[PATCH net-next 0/8] net/packet: better behavior under DDOS

[PATCH net-next 0/8] net/packet: better behavior under DDOS

[Eric Dumazet]

Using tcpdump (or other af_packet user) on a busy host can lead to
catastrophic consequences, because suddenly, potentially all cpus
are spinning on a contended spinlock.

Both packet_rcv() and tpacket_rcv() grab the spinlock
to eventually find there is no room for an additional packet.

This patch series align packet_rcv() and tpacket_rcv() to both
check if the queue is full before grabbing the spinlock.

If the queue is full, they both increment a new atomic counter
placed on a separate cache line to let readers drain the queue faster.

There is still false sharing on this new atomic counter,
we might in the future make it per cpu if there is interest.

Eric Dumazet (8):
  net/packet: constify __packet_get_status() argument
  net/packet: constify packet_lookup_frame() and __tpacket_has_room()
  net/packet: constify prb_lookup_block() and __tpacket_v3_has_room()
  net/packet: constify __packet_rcv_has_room()
  net/packet: make tp_drops atomic
  net/packet: implement shortcut in tpacket_rcv()
  net/packet: remove locking from packet_rcv_has_room()
  net/packet: introduce packet_rcv_try_clear_pressure() helper

 net/packet/af_packet.c | 96 ++++++++++++++++++++++++------------------
 net/packet/internal.h  |  1 +
 2 files changed, 56 insertions(+), 41 deletions(-)

-- 
2.22.0.rc2.383.gf4fbbf30c2-goog

[PATCH net-next 1/8] net/packet: constify __packet_get_status() argument

[Eric Dumazet]

struct packet_sock  is only read.

Signed-off-by: Eric Dumazet <edumazet@google.com>
---
 net/packet/af_packet.c | 2 +-
 1 file changed, 1 insertion(+), 1 deletion(-)

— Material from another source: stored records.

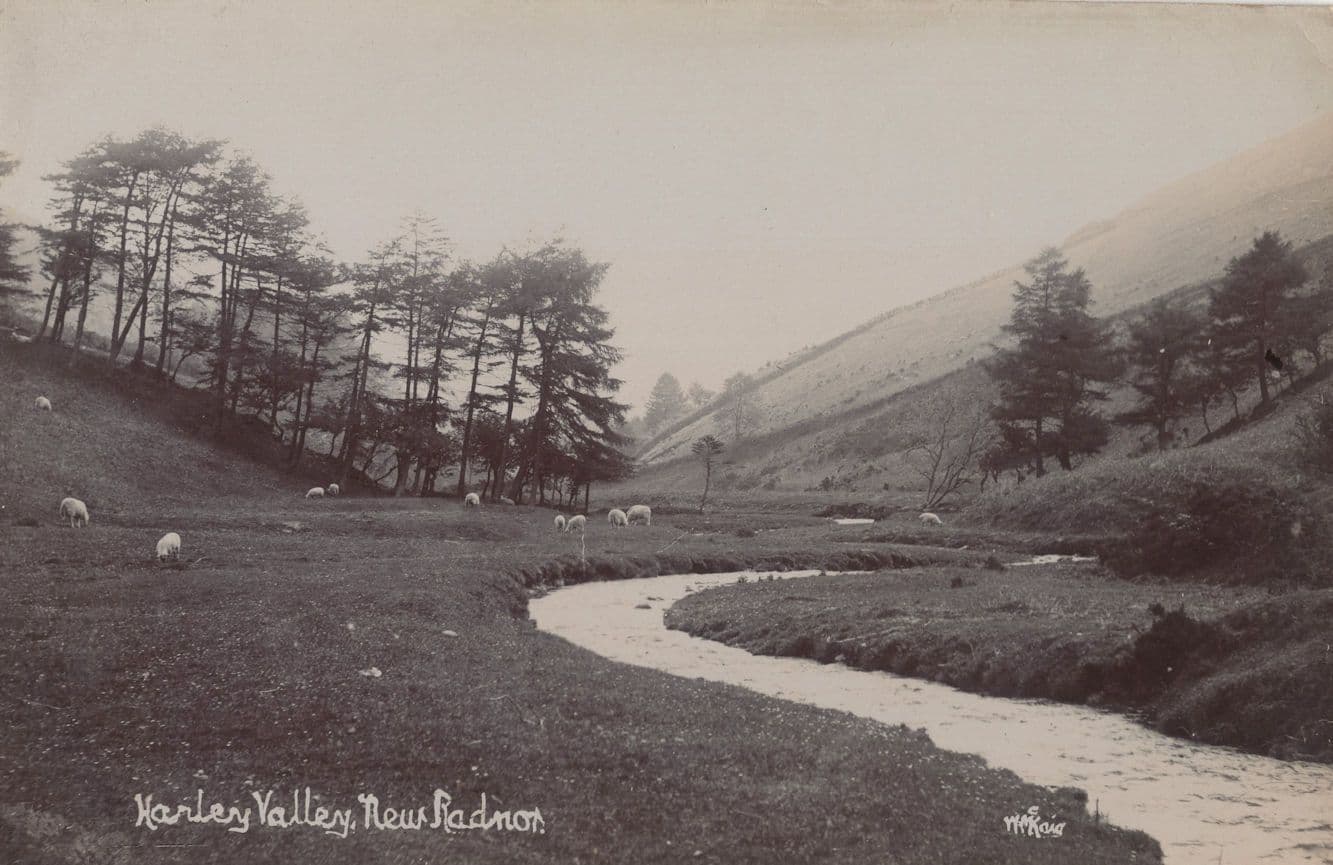 Harley Valley Wales Welsh Antique Real Photo Postcard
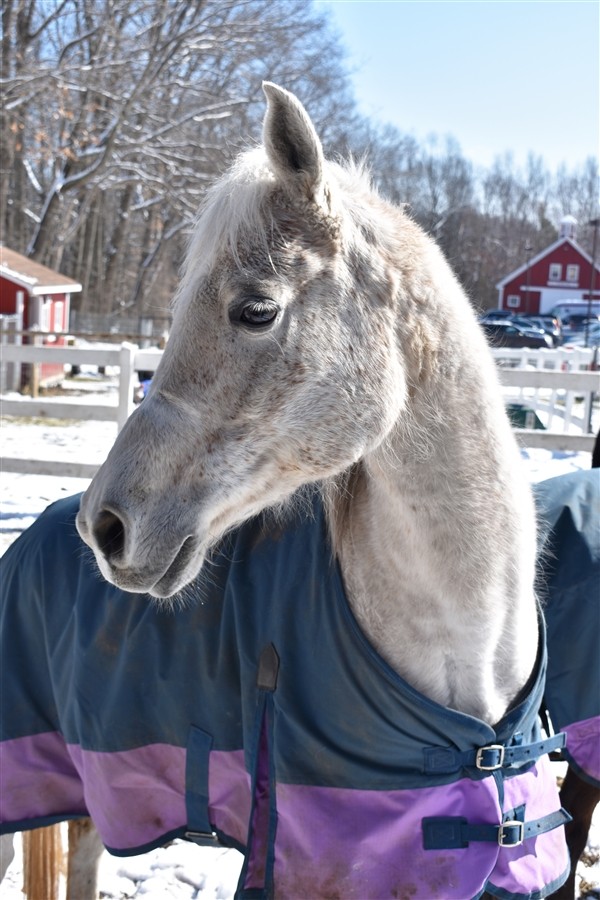 Adopt Shaheen a Arabian / Mixed horse in Stratham, NH (24685358)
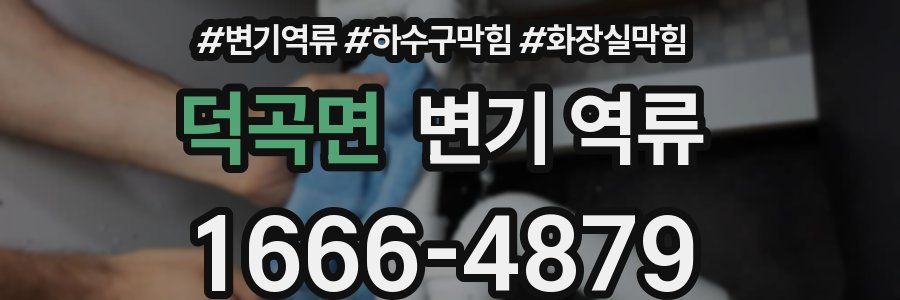 덕곡면 변기 역류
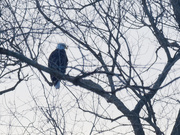 21st Jan 2019 - bald eagle in a Tree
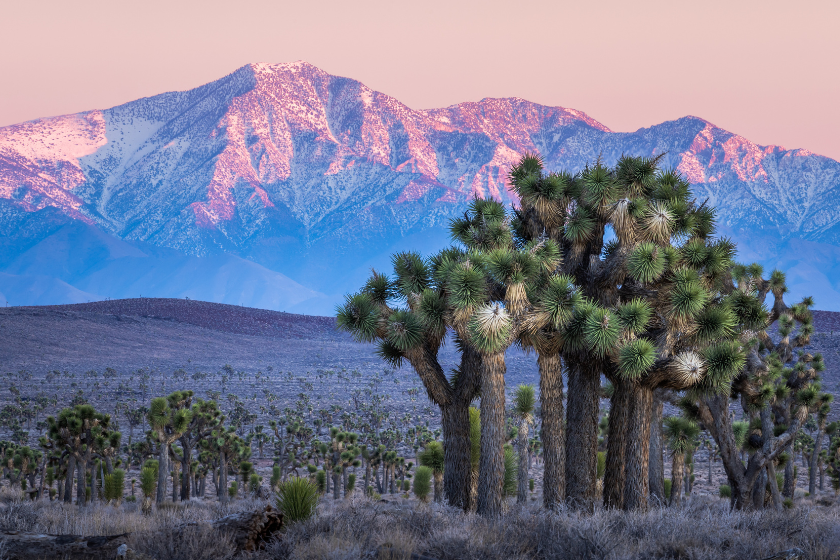 romantic getaways southern california joshua tree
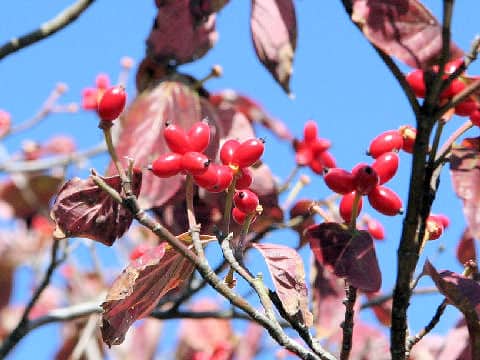 Cornus florida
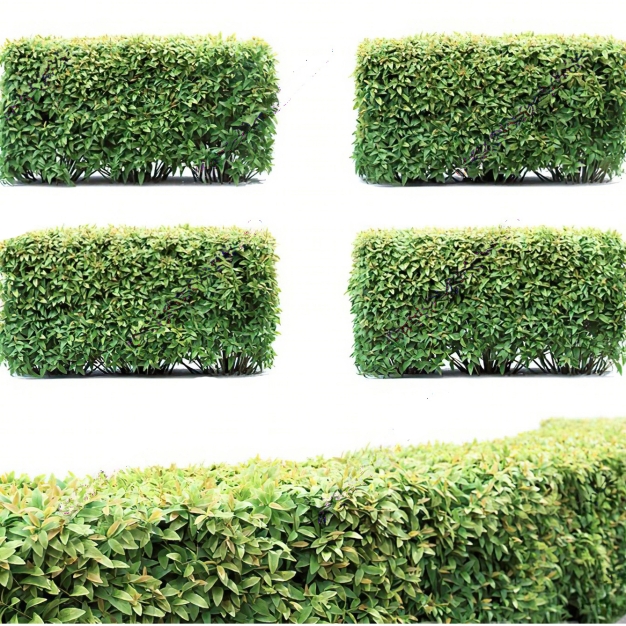 灌木3D模型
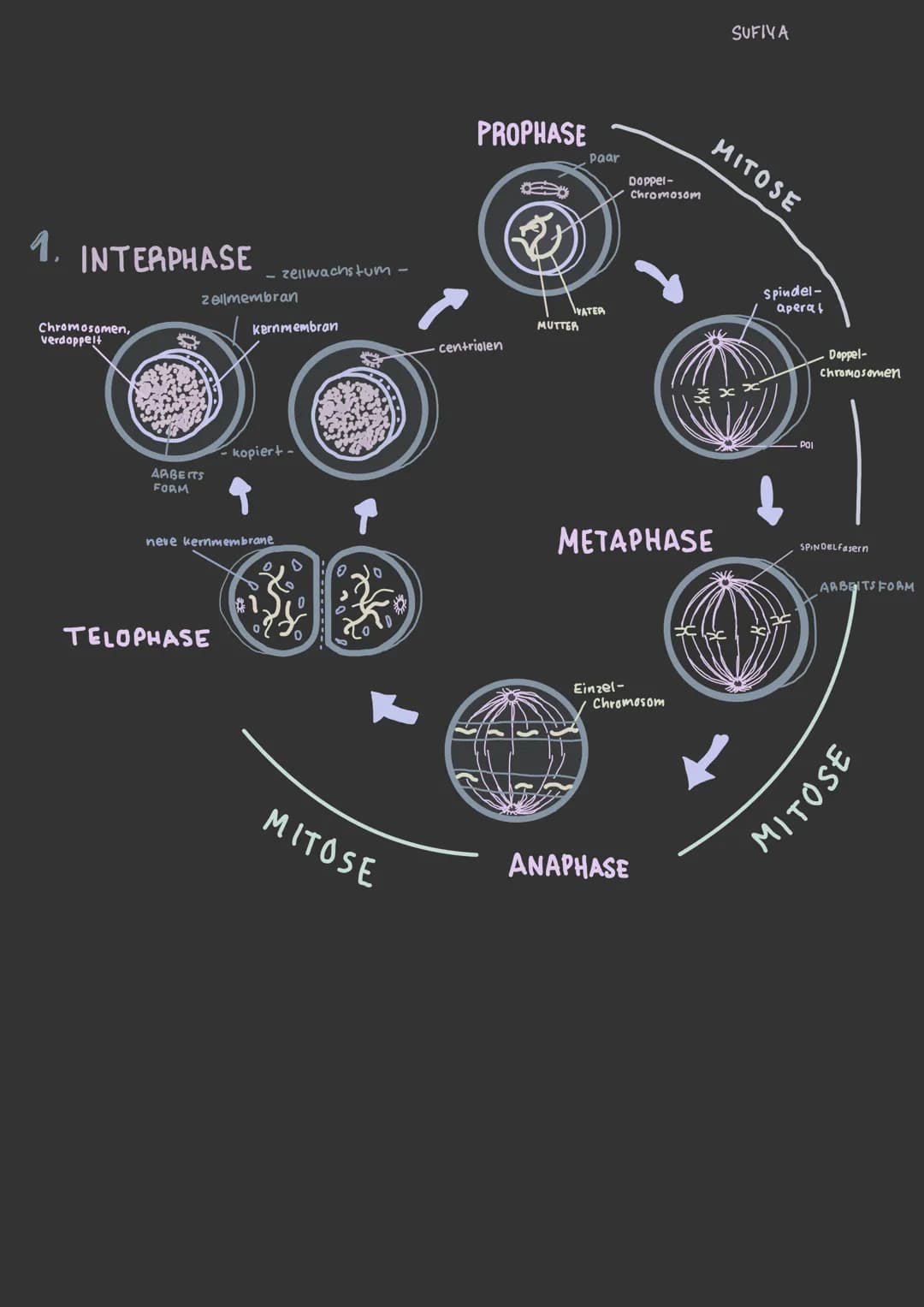 1. INTERPHASE
Chromosomen,
verdoppelt
zellmembran
ARBEITS
FORM
- zellwachstum -
TELOPHASE
Kernmembran
-kopiert -
I neve kernmembrane
安
MITOS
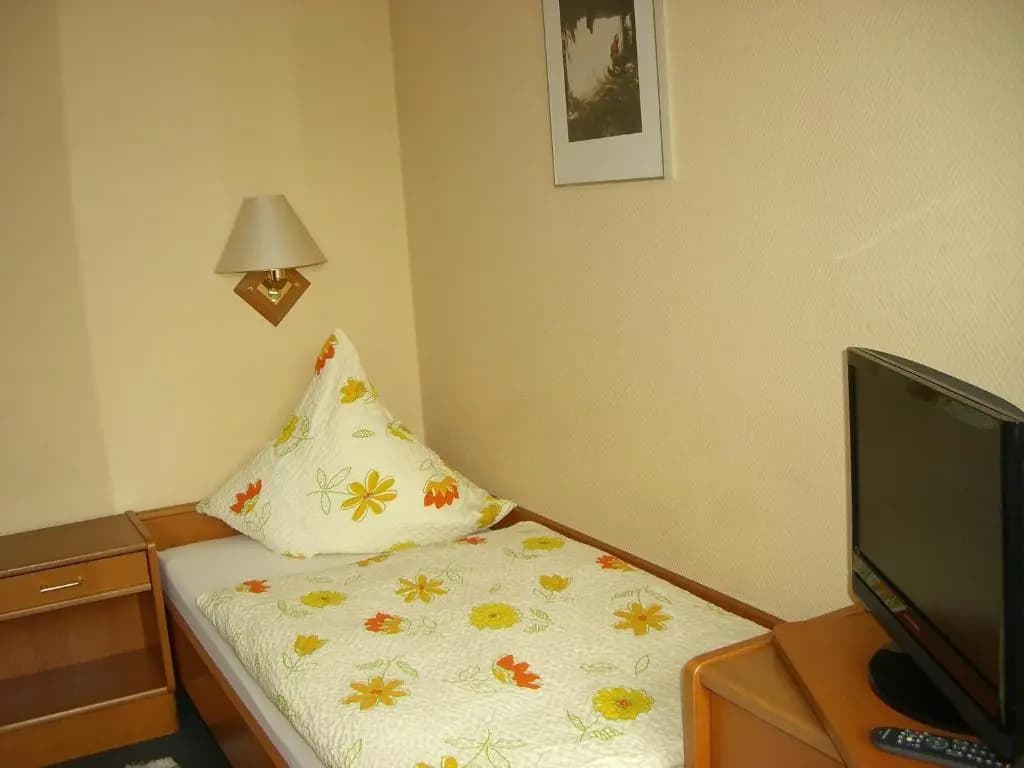 Hotel Gasthof Zum Ziehbrunnen - photo 2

diff --git a/net/packet/af_packet.c b/net/packet/af_packet.c
index 7fa847dcea30e481b2f291cc6980a7b887629cd7..66fcfd5b51f82a861795e002e91d3cbc69ab545a 100644
--- a/net/packet/af_packet.c
+++ b/net/packet/af_packet.c
@@ -384,7 +384,7 @@ static void __packet_set_status(struct packet_sock *po, void *frame, int status)
 	smp_wmb();
 }
 
-static int __packet_get_status(struct packet_sock *po, void *frame)
+static int __packet_get_status(const struct packet_sock *po, void *frame)
 {
 	union tpacket_uhdr h;
 
-- 
2.22.0.rc2.383.gf4fbbf30c2-goog

[PATCH net-next 2/8] net/packet: constify packet_lookup_frame() and __tpacket_has_room()

[Eric Dumazet]

Goal is to be able to use __tpacket_has_room() without holding a lock.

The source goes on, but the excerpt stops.